DOE starting concept work on PR campaign for safe transport of spent fuel

By ExchangeMonitor

The Department of Energy on Wednesday started market research for high-profile, public demonstrations of the many severe kinds of abuse transport systems for spent nuclear fuel are designed to withstand.

The agency’s Office of Nuclear Energy on Wednesday released a request for information about a wide range of things it might need to conduct what it calls a Package Performance Demonstration that could “help build public trust and confidence in the safety of spent nuclear fuel (SNF) transportation casks and SNF transportation by rail, heavy-haul track and barge.”

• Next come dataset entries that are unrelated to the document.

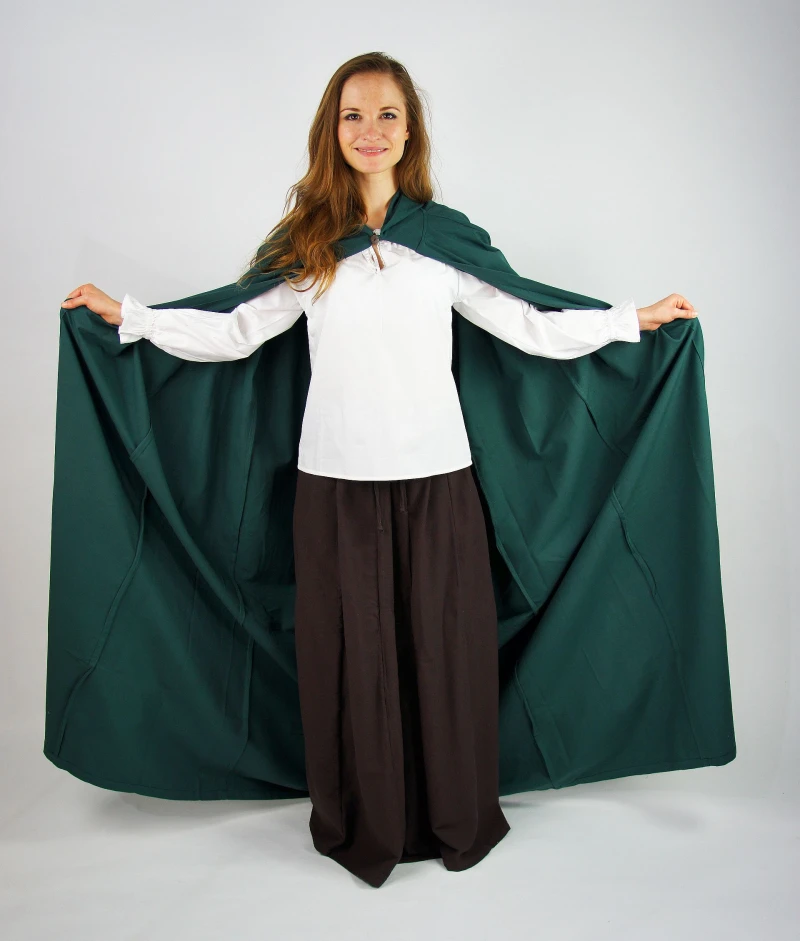 Mittelalterlicher Baumwollumhang "Gunnar" in Grün – Authentischer Begleiter für historische Gewandungen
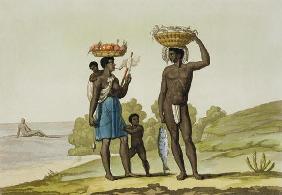 A slave family of the Loango tribe, Surinam, from 'Le Costume Ancien et Moderne', Volume II, plate 6 19th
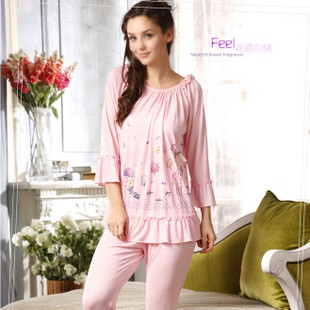 Free Shipping Sleepwear spring 100% cotton women's long-sleeve lounge set z6693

To build public trust, the office plans to drop, drown and light on fire containers of the type that would be used to transport spent fuel to a future government-owned interim storage site from power plants across the country, according to the request for information.

Responses are due Sept. 30.

According to the RFI, DOE is looking for everything it needs to conduct what are sometimes called “regulatory tests:” demonstrations that containers are sturdy enough to meet Nuclear Regulatory Commission requirements.

Among others, DOE wants to hear from potential suppliers of test sites or facilities and from anyone who could rig up the test casks with data-gather sensors and capture high-speed video of the simulated accidents the agency hopes to stage.

According to the request for information, the abuses DOE could inflict on the test casks are:

  • Dropping it from almost 30 feet in the air onto a hard surface.
  • Dropping it from three feet onto a steel bar to test for penetration.
  • Leaving it for 30 minutes in a fire hot enough to melt the kind of glass sometimes used for laboratory test tubes and beakers.
  • Putting it underwater for one hour at a depth of almost 660 feet, where the pressure of the water would be more than 20 times greater than the pressure of the atmosphere at sea level.

DOE did not say in Wednesday’s request for information when it wanted to conduct these tests.

In its 2025 budget request, the agency said it planned to “initiate” the acquisition of a cask that could be used in these tests and “establish a testing plan.” The Office of Nuclear Energy’s Integrated Waste Management System subprogram would pay for the tests.

In a 2025 DOE budget bill that made it to the House floor but did not get a vote before Representatives left Washington for a month-long summer recess, House appropriators proposed cutting the Integrated Waste Management System subprogram by more than half, year-over-year. The White House had asked for flat funding of $53 million.

The Senate Appropriations Committee was set to mark up its own version of DOE’s 2025 budget on Thursday at 9:30 a.m. Eastern time in Washington.